Ring Galaxy

Ring Galaxy — A subclass of interacting galaxies, ring galaxies, provides a unique laboratory for studying unusually large bursts of non-nuclear star formation.

The rings in these systems are often large (10s of kiloparsecs) and contain what appear to be associations of giant H{\small II} regions.

As a basis for future modeling of star forming regions in observed ring galaxies we present a series of combined n-body/gas numerical experiments on ring formation and evolution. Three different mass ratios between the “host” galaxy and “intruder” galaxy are considered.

It is shown that a collision between equal-mass galaxies produces a qualitatively different response in the “host” galaxy when compared to a collision in which the “intruder” is one-fourth as massive or less.

Large bulk flows of material occur in a collision between equal-mass galaxies and three-dimensional effects are pronounced. A single, massive ring is present, which is composed of material that originates from a large range of radii in the disk.
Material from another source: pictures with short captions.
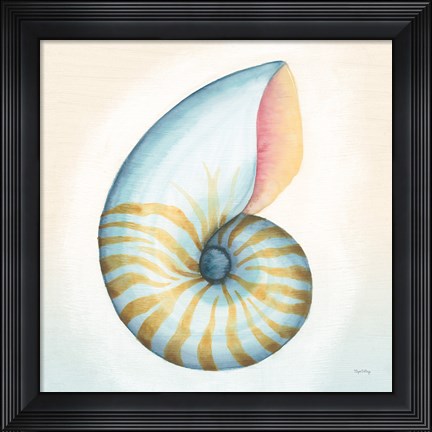 Framed Boardwalk Nautilus Print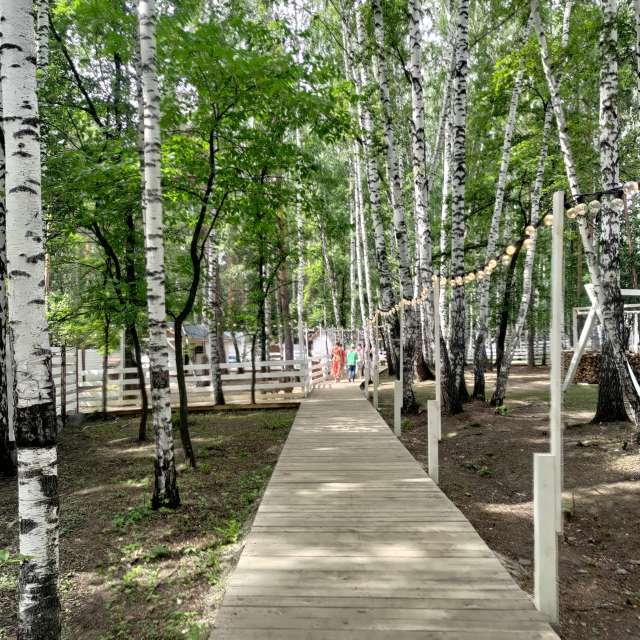 天气预报，带Lara357精美的照片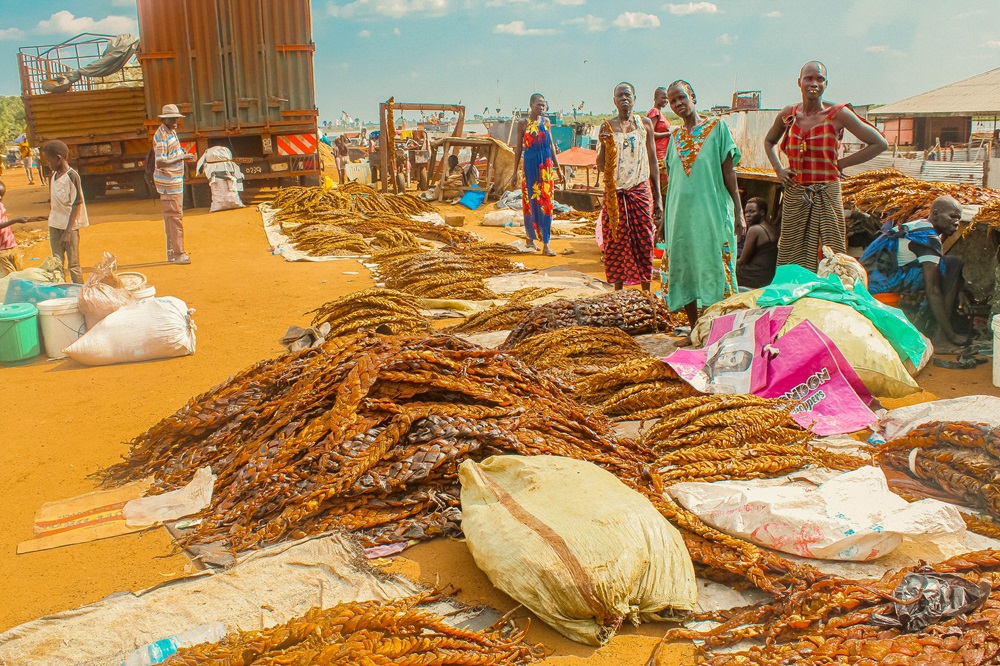 cover photo Fishing market in Bor town of Jonglei State of SSD 1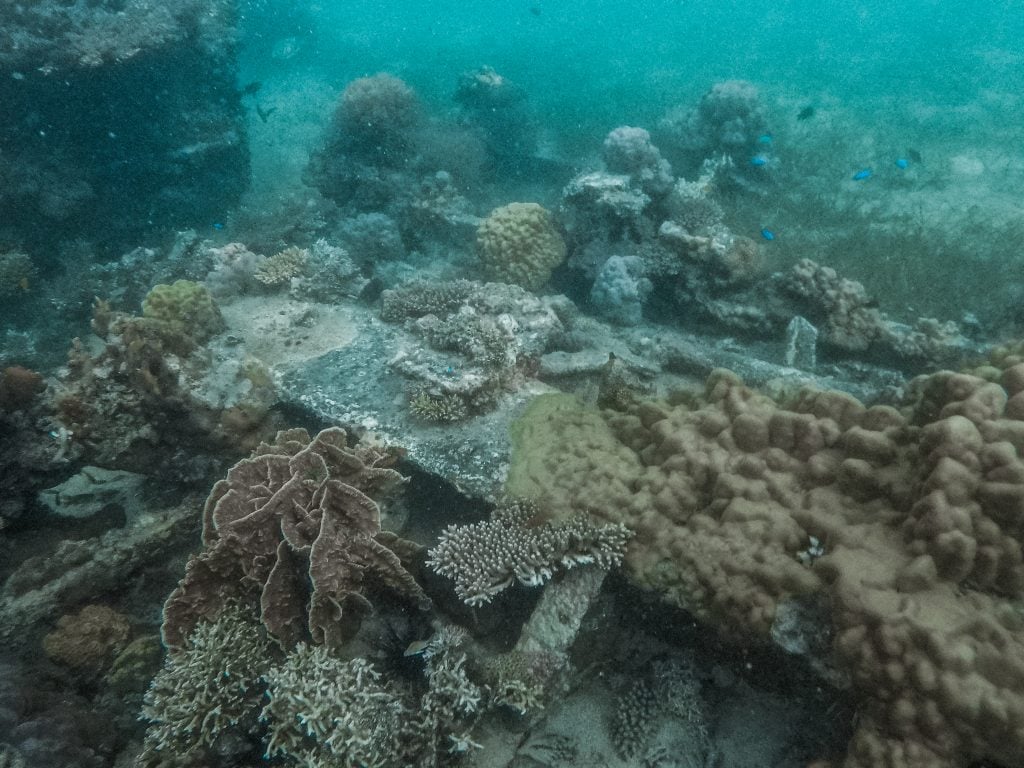 El Nido to Coron Expedition Tour with Buhay Isla Eco Tour 4 island hopping from El Nido to Coron, el nido to coron expedition tour, Buhay Isla Eco Tour, Daracoton Island Shipwreck , el nido to coron island hopping, el nido to coron tour, el nido to coron expedition, el nido to coron boat trip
Strong shocks occur in the gaseous component of the disk and these dissipational processes cause the gaseous ring to expand more slowly than does the collisionless stellar ring.

When the “intruder” is one-fourth or less as massive as the disk galaxy, the ring behaves much more like a true density wave which propagates through the disk.

A second ring forms in the inner region of the disk during the lifetime of primary outer ring. Gas in the disk accumulates on the outer edge of the primary ring so that the center of the thin gaseous ring is located ahead of the center of broader stellar ring.